## Imports

In [None]:
%load_ext autoreload
%autoreload 2

In [None]:
import json
from pprint import pprint

In [None]:
zipfilename = "../inputs/twitter-2022-02-17-cf8888eb631a941f287fbfec1a2662e1127775f1ba68efad59880f2fafdcfea7.zip"

## Parsing

- We are parsing the ZIP from Twitter, using a ZIPParser with a TwitterJSParser as argument.
- This parsing will return a list of Trees to explore.

In [None]:
from argonodes.parsers import ZIPParser, TwitterJSParser
zipparser = ZIPParser(parser=TwitterJSParser, regex=r"data\/.*\.js$", extension="js", verbose=1)
trees = zipparser(zipfilename)

## Tree exploration

- For each Tree, we do a bit of exploration, and try to add informations.

In [None]:
from argonodes.nodes import NA

### Installing facultative imports

We are going to use FoundRegex, which uses an external package, `tdda`.

In [None]:
from argonodes.appliers import FoundRegex
found_regex = FoundRegex()

#### Do we have some pattern?

We are going to do a "full example" using FoundRegex, but sometimes you do not need it at all.

In [None]:
from datetime import datetime

print(datetime.now())
total = len(trees)
for i, (name, tree) in enumerate(trees.items()):
    found_regex(tree)
    print(f"{datetime.now()}: {i+1}/{total}: {name}")
#     if i == 3:  # Because it can take some time...
#         break
pprint(found_regex.data)

We are going to follow the order of the `README.txt` file provied by Twitter in that case.

### "SENSORY INFORMATION"

"(Audio, electronic, visual, and similar information)"
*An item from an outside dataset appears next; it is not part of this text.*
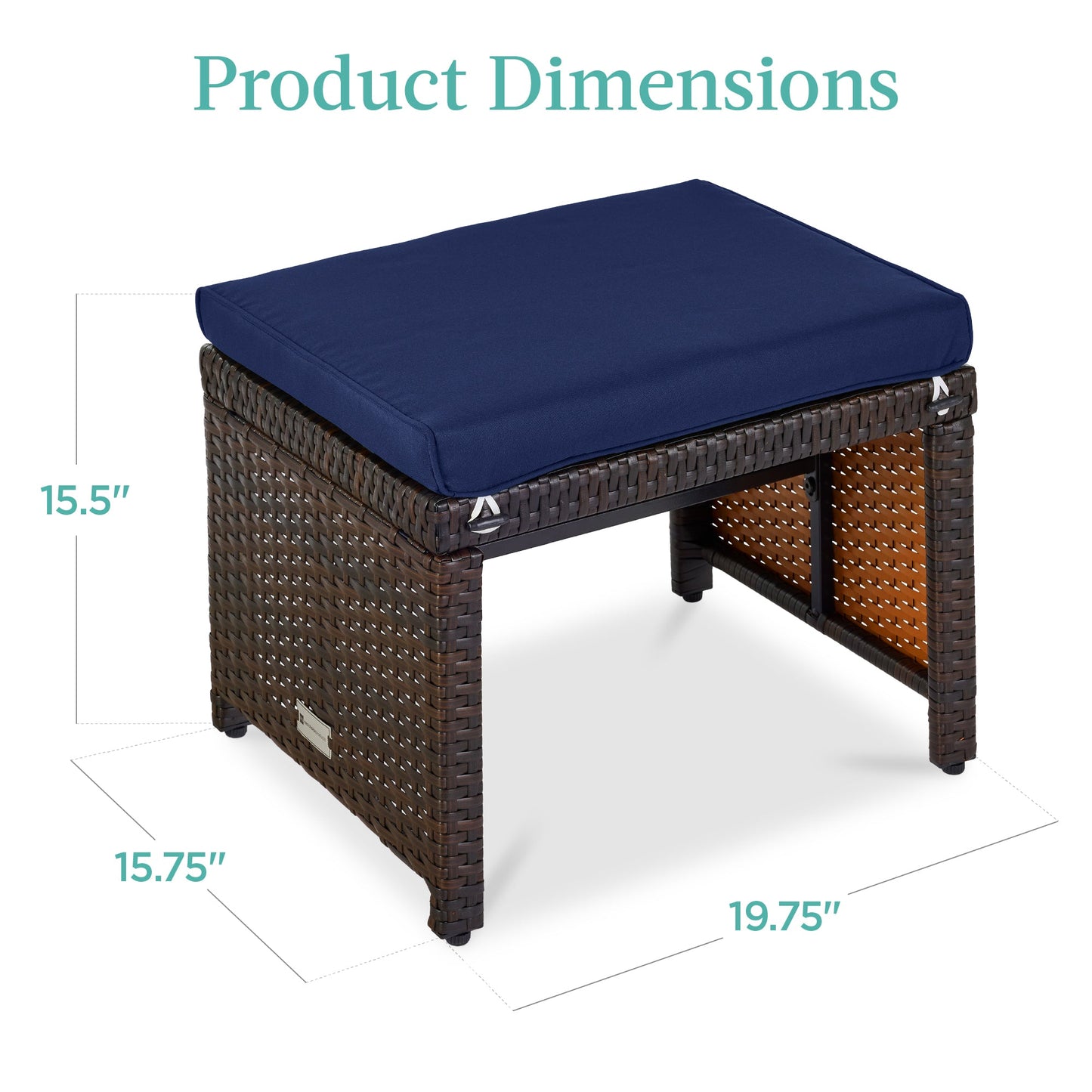 Set of 2 Multipurpose Wicker Ottomans w/ Removable Cushions, Steel Frame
#### `periscope-expired-broadcasts.js`

In [None]:
cur_tree = trees["data/periscope-expired-broadcasts.js"]
print(f"Filename: {cur_tree.filename}")
print(f"Paths:\n{cur_tree.get_paths_fancy()}")

Note: No data available, but according to the README:

- broadcastIds: A list of the broadcast IDs posted by the shell account that have expired and cannot be encoded.
- reason: Explanation of why broadcast replay files are unavailable (hard-coded).

#### `spaces-metadata.js`

In [None]:
cur_tree = trees["data/spaces-metadata.js"]
print(f"Filename: {cur_tree.filename}")
print(f"Paths:\n{cur_tree.get_paths_fancy()}")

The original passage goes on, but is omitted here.